/Intra-Page-Ranker

Intra-Page Ranker is a tool for calculating the page rank of a website. It uses a Markov matrix to calculate the rank of each page on the website, and exports the results to a file.

Primary LanguageGoGNU General Public License v3.0GPL-3.0

Intra Page Ranker

Intra-Page Ranker is a tool for calculating the page rank of a website. It uses a Markov matrix to calculate the rank of each page on the website, and exports the results to a file.

Features

  • Web crawling: The tool crawls a given domain to collect data about the pages and links on the site.

  • Page rank calculation: The tool uses a Markov matrix to calculate the page rank of each page on the site.
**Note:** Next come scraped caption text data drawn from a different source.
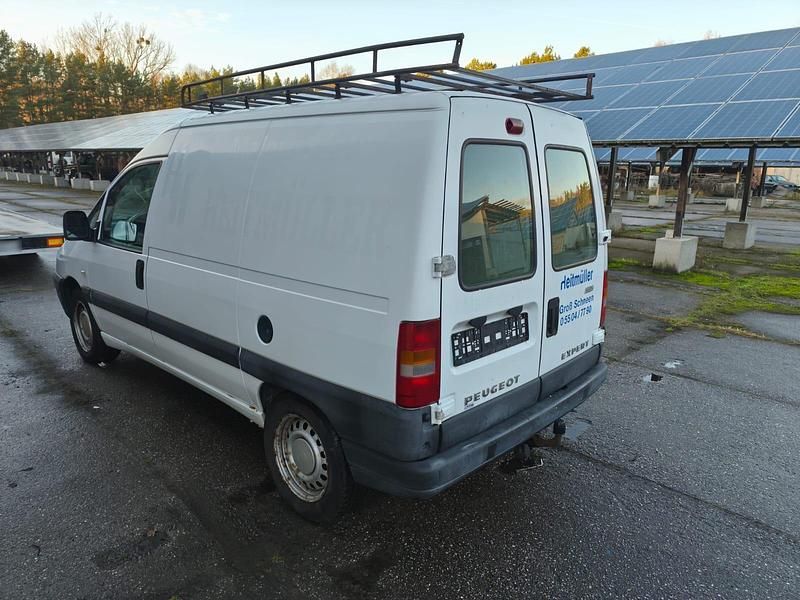 Gebraucht Peugeot Expert 120 PS (88 kW) 2005 Weiß Van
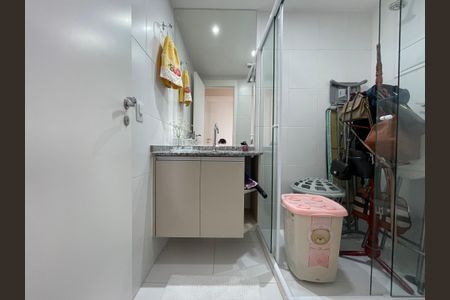 Apartamento à venda com 67m², 2 quartos e 1 vaga Apartamento à venda com 67m², 2 quartos e 1 vagaBanheiro Social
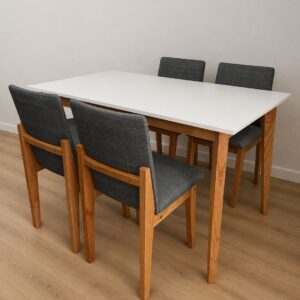 MESA DE 1.30 X 80 + 4 SILLAS GINER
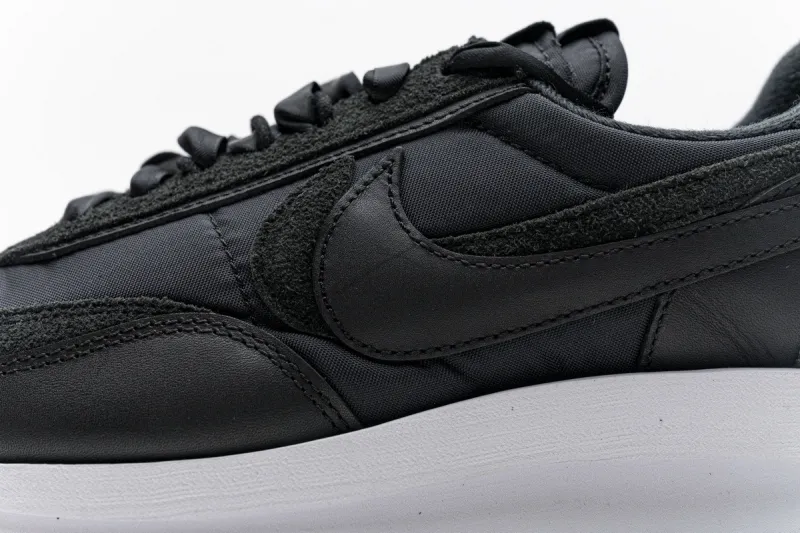  Sacai x Nike LDWaffle Black White BV0073-002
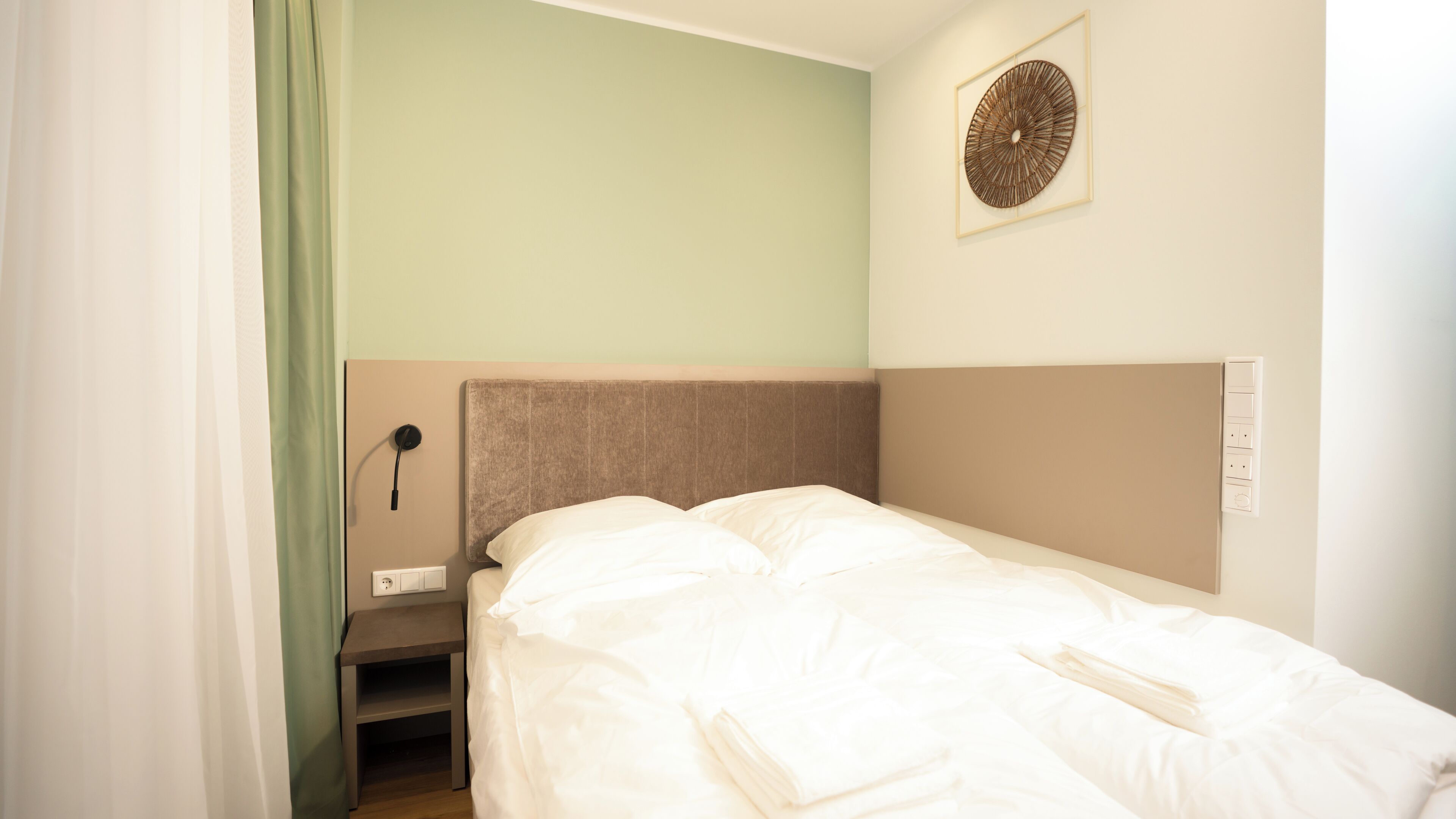 Habitación básica doble de uso individual, cocina básica | Caja fuerte, escritorio, espacio para trabajar con un portátil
  • Command-line interface: The tool is run from the command line and accepts various flags to customize its behavior.

  • Exporting: The tool can export the calculated page rank data to a file in either JSON or CSV format.

  • Customizable parameters: The tool allows the user to customize various parameters, such as the maximum depth to crawl, the delay between requests, and the number of parallel requests to make.

Setup

  1. Clone the repository: git clone https://github.com/Avash027/Intra-Page-Ranker.git
  2. Install dependencies: go get ./...
  3. Run the project: go run main.go

Usage

The following command line flags are available:

  • -domain: The domain name to crawl (default: example.com)
  • -depth: The maximum depth to crawl (default: 3)
  • -pages: The maximum number of pages to crawl (default: 100)
  • -delay: The delay between requests (default: 1s)
  • -useragent: The user agent to use for requests (default: Mozilla/5.0 (Windows NT 10.0; Win64; x64) AppleWebKit/537.36 (KHTML, like Gecko) Chrome/58.0.3029.110 Safari/537.36)
  • -parallelism: The maximum number of parallel requests (default: 10)
  • -alpha: Constant used while calculating page rank (default: 0.85)
  • -epsilon: Directly proportional to accuracy of results but also consumes more time (default: 0.0001)
  • -maxRank: Max Rank upto which you want to see the result (default: 10)
  • -dir: The directory to export the data to (default: ./)
  • -filename: The name of the file to export the data to (default: results)
  • -type: The type of exporter to use (json or csv) (default: json)

How It Works ?

  • The crawler starts from the given domain and crawls all the links on the page. It then crawls all the links on those pages, and so on until it reaches the maximum depth or maximum number of pages.
  • It then maps the crawled pages to a unique integer ID, and creates a adjacency matrix of the links between the pages.
  • It then create a Markov matrix from the adjacency matrix using the following rules:
    • If a row of $A$ has no 1's, then replace each element by 1/N. For all other rows proceed as follows.
    • Divide each 1 in $A$ by the number of 1's in its row. Thus, if there is a row with three 1's, then each of them is replaced by $1/3$.
    • Multiply the resulting matrix by $1-\alpha$.
    • Add $\alpha/N$ to every entry of the resulting matrix, to obtain $P$.
  • Then it assumes the surfer starts from the first page and randomly surfs the web by clicking on links. It calculates the probability of the surfer being on each page after a large number of clicks.
    • Let the vector for state 0 be $v_0$.
    • We multiply $v_0$ with $P$ to get $v_1$.
    • We keep repeating the process until difference between $v_i$ and $v_(i-1)$ is less than $\Epsilon$

Contributing

Contributions are welcome! Please follow the Go Code Review Comments when submitting pull requests.